■ WORK REQUIRED:
Only one stretch of the listing below is wanted. Begin at the line that has "HipsDontLieX95 online show", stop after the line that has "Wundervolle Wasserfälle entlang", and repeat every line in between exactly.

..........

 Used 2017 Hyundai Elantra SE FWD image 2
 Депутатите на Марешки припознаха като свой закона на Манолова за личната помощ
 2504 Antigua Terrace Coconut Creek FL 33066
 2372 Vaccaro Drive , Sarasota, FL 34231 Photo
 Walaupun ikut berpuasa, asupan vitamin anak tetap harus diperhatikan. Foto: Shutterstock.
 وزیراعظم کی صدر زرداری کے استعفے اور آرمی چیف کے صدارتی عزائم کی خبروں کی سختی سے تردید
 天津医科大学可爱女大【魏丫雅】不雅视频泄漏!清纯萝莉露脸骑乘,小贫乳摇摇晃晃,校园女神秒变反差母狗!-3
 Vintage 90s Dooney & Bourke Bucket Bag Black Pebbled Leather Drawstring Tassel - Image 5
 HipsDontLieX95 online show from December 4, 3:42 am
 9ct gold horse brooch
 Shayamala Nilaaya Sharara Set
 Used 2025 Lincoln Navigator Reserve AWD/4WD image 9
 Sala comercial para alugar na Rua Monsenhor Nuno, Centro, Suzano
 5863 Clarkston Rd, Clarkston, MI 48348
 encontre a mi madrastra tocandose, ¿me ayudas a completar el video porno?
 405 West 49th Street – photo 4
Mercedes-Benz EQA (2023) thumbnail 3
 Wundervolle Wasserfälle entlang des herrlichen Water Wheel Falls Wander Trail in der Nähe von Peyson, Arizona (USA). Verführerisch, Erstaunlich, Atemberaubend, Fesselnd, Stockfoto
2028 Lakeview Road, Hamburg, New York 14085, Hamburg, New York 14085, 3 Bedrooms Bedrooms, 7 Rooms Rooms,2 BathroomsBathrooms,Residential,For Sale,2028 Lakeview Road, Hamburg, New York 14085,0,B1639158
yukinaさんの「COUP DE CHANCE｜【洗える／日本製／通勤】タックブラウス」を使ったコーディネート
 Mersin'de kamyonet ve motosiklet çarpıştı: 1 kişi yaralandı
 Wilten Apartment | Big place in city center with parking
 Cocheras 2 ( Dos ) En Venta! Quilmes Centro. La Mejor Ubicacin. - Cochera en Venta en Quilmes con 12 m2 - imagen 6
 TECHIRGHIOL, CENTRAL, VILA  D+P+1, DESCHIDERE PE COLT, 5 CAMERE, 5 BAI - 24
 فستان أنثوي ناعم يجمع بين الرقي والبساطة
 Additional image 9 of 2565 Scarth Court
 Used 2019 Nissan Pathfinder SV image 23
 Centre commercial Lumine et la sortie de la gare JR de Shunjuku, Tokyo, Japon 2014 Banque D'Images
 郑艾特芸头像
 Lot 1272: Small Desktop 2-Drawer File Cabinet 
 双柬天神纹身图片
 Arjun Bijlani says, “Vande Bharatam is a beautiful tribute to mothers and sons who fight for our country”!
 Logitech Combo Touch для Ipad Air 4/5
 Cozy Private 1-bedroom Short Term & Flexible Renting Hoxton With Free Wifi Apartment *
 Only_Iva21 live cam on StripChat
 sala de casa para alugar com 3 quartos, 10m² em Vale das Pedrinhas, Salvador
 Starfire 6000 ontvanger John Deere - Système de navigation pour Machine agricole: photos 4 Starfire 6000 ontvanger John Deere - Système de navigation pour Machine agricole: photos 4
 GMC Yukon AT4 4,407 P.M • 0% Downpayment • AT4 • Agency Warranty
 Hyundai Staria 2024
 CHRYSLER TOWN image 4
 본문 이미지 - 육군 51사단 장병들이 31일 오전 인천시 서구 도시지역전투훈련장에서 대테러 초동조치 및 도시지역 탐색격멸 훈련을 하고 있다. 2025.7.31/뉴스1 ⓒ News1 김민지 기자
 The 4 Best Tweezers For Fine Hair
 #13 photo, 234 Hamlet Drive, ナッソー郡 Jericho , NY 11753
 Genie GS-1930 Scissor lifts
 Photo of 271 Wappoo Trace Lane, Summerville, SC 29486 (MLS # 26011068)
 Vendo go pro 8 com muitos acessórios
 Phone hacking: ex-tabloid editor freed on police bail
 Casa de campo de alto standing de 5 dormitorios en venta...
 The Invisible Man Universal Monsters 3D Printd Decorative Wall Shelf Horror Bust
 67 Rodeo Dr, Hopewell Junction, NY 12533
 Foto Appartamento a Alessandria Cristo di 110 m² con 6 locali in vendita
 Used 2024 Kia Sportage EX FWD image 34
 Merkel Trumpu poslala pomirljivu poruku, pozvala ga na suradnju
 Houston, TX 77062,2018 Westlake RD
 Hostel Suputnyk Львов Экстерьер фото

..........

■ FINAL ANSWER:
 HipsDontLieX95 online show from December 4, 3:42 am
 9ct gold horse brooch
 Shayamala Nilaaya Sharara Set
 Used 2025 Lincoln Navigator Reserve AWD/4WD image 9
 Sala comercial para alugar na Rua Monsenhor Nuno, Centro, Suzano
 5863 Clarkston Rd, Clarkston, MI 48348
 encontre a mi madrastra tocandose, ¿me ayudas a completar el video porno?
 405 West 49th Street – photo 4
Mercedes-Benz EQA (2023) thumbnail 3
 Wundervolle Wasserfälle entlang des herrlichen Water Wheel Falls Wander Trail in der Nähe von Peyson, Arizona (USA). Verführerisch, Erstaunlich, Atemberaubend, Fesselnd, Stockfoto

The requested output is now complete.